As you know, we have a soft spot for the wonderful agency Granny Aupair. We introduced them here and we like to follow the stories of the many grannies they send all over the world. Today Granny Aupair comes back sharing a Granny adventures in the Far East.
For exactly eight years now, the Hamburg agency Granny Aupair has been placing travel happy Grannies with families all around the world.

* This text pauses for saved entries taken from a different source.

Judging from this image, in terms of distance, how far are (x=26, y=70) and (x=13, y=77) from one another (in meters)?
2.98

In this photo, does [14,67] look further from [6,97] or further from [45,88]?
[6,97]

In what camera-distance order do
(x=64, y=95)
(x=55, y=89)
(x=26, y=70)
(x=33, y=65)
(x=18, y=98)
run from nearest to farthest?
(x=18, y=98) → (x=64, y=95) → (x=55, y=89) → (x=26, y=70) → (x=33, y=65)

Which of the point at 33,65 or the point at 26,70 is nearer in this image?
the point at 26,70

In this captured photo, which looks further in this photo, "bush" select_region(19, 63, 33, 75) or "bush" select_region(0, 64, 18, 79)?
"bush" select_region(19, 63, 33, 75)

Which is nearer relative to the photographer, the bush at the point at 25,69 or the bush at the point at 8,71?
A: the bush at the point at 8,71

Balancing career and family may prove difficult for young families: Very often mothers have to work, as do single parents. The question of appropriate childcare is often pressing in their minds. On the other hand, there are many women over 50, 60 or 70 yearning for something new. After bringing up their children and/or retirement they wonder what to do with their time, their experience and enthusiasm. They want to try something new, be with young people, broaden their horizons and their language skills.
Bringing together these two groups is the idea behind Granny Aupair agency, founded by Michaela Hansen in 2010: The Granny is treated as a family member, has free room and board. In return she cares for the children, as only a grandmother can do (even if she is not related to them) and gets the chance to experience the country and its culture in a direct way.
Adventures in the Far East
One of the over 1.000 Grannies who has taken up the Granny Aupair challenge is Isa R., who was lured half way around the world by the website. In Kuala Lumpur, Malaysia, a small family was looking for a Granny to support the Australian mother and six year old son, while the German father worked abroad in Japan. Mostly the Granny would be needed in the afternoon.
Initially planned for three months, Granny Isa enjoyed her time in Kuala Lumpur so much that she extended her stay, and after spending some time in Germany is now back to help the family again. The tightly organized daily routine was perfect for Isa, since she was able to plan many activities. Her mornings were mostly free, in the afternoons she looked after the six year old son and the household. Childcare occupied her from 4 to 7pm and included usual things like supervising homework, playing, shopping and sometimes cooking. She also went to a language school once a week to learn Chinese and used her free time to explore the fascinating surroundings.
Her time abroad was not without small setbacks, like a burst boiler in the bathroom, just as the mother was in Australia. Or a sick child, making a visit to hospital necessary.
Granny Isa says: “The life experience of a granny often helps to cope with difficult, unpredictable situations. The serenity that she brings along with advanced age allows for different perspectives and for calmer judgment. At a younger age, the situation with the boiler would probably have panicked me. And the interests are often completely different, so that the leisure activities differ from those of young au pairs. Of course, as in my case, it helped that I’m already a grandmother myself.”
As a recommendation for future Granny Aupairs and their families she adds: “You always have to be aware that you are just living there as a guest and have to accept the rules of the household. It is not your own home. Not interfering – unless asked for my personal opinion – but accompanying everyday life, that was my recipe for success.”.